Celebration of regeneration at the Minster’s Season of Creation

By - Tuesday 11th October, 2016

Lee Taylor, Associate Vicar of Croydon Minster, ponders some ancient words of advice for Croydon

Photo author’s own.

When conversations begin about building and protecting, it can easily be assumed that urban economic developers and conservationists are inexorable enemies. Yet, these interlocutors have one thing in common: the welfare and flourishing of the place in which they are set. Between them, they have a concern for the built and natural environment.

These two interest groups from in and around Croydon were invited to a special service at Croydon Minster last month to celebrate the Season of Creation.

Through music, word and action, the service was an opportunity to reflect on two wider themes that relate to humankind’s responsibility, as stewards of the earth, for creation: ‘build’ and ‘protect’. Christians believe that, as global citizens, we have a duty to work for the sanctification of the whole world; to care for both our green and urban landscapes.

Churches focus on the theme of creation from 1st September to the feast of St Francis on 4th October

So, what is the Season of Creation all about?

In 1989 the Ecumenical Patriarch suggested that 1st September, the first day of the Orthodox Church’s year, should be observed as a day “of protection of the natural environment”.

Ten years later the European Christian Environmental Network (ECEN) widened this proposal, urging churches to adopt a Time for Creation stretching from 1st September to the feast of St Francis on 4th October. Since then, churches have been encouraged to focus on the theme of creation either in a local or wider context. The service at Croydon Minster, ‘Let Creation Sing’, reflected a Croydon context drawing on the themes of ‘protect’ and ‘build’.

We give thanks for those who are working in creative ways for the regeneration of our town

In our readings and prayers we remembered those whose work seeks to ‘protect’ the natural environment and promote care and respect for creation. It was a great pleasure to welcome Andrew Dickinson who presents the environmental show on Croydon Radio and actively encourages Croydon residents to make the borough a clean and healthy place to live. We also welcomed Tracey Hague from Croydon Green Party who read the poem ‘Beauty: Seen and Unseen’, by Gorden Ramel.

It is the Christian belief that, as created beings, we are also fellow workers of God’s good creation. Saint Hildegard of Bingen is known as one of the great creation-centred mystics. She coined the term viriditas, or ‘greening power’, connecting it closely with creativity. Hildegard affirmed that humankind, full of all creative possibilities, is God’s work. Humankind alone is called to assist God. Humankind is called to co-create. With nature’s help, humankind can set into creation all that is necessary and life-sustaining’.

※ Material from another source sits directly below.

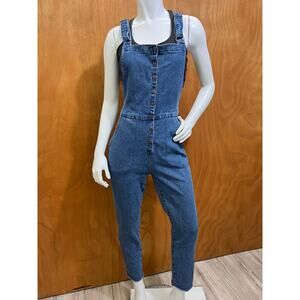 RVCA Paiger Denim Overalls Women’s Tag 27 (Act. W28) Adjustable Straps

In the context of a changing Croydon, we also give thanks for those who are working in creative ways for the regeneration of our town, especially in ways that ‘build’ up the economy and that proclaim beauty, equality, and sustainability.

We welcomed representatives from the Croydon Partnership, Croydon Council, and the Mayor of Croydon

A challenge and a priority for urban systems is to be conscious of environmental sustainability. Last month, the Sustainability Appraisal (SA) report was produced by AECOM Infrastructure & Environment UK Ltd which gave recommendations on sustainability issues for the Croydon Local Plan. Some of the key objectives that were established in this report include the promotion of renewable energy, waste minimisation and composting, and the need to increase the quality and range of wildlife habitats in the borough.

A ‘sustainable redevelopment’ is a priority for the Croydon Partnership, which is working closely with the council to deliver this objective on the site of the Whitgift Centre. Their motto is ‘be lean, be clean, be green’. So, it was fitting to be able to welcome to ‘Let Creation Sing’ representatives from Croydon Partnership. Steve Yewman, Development Director at Westfield, addressed the congregation outlining his vision and optimism for the future of Croydon. It was also a pleasure to welcome: the Mayor of Croydon, Wayne Trakas Lawlor; Paula Murray, Creative Director for Croydon Regeneration; and Jo Negrini, Chief Executive of Croydon Council.

In the words of Paula Murray, Croydon’s Creative Director for regeneration: The service at the Minster was a really positive gesture, bringing together a range of key organisations and individuals in celebration of some of the developments and  changes that are we are looking forward to here. It would be great to have more gatherings of this kind”.

One of our readings from scripture, read by Jo Negrini, was an encouragement to ‘seek the welfare of the city, for as it prospers, so you also will prosper’. These words were written about 2,500 years ago by the prophet Jeremiah, and still they can speak to us today and encourage us to make both our urban and green environments a great place to live and work.

Lee Taylor

Lee Taylor

Father Lee Taylor is Associate Vicar of Croydon Minster. Bolton-born, he has lived in the south for many years and has a keen interest in the liturgy and music of the church. No stranger to inns, his mother ran two pubs in Wigan and Lee used to help out by pulling pints and chatting to the regulars. He worked at a local working men’s club in Bolton where he served behind the bar and played a few old-time songs on the organ before the bingo session.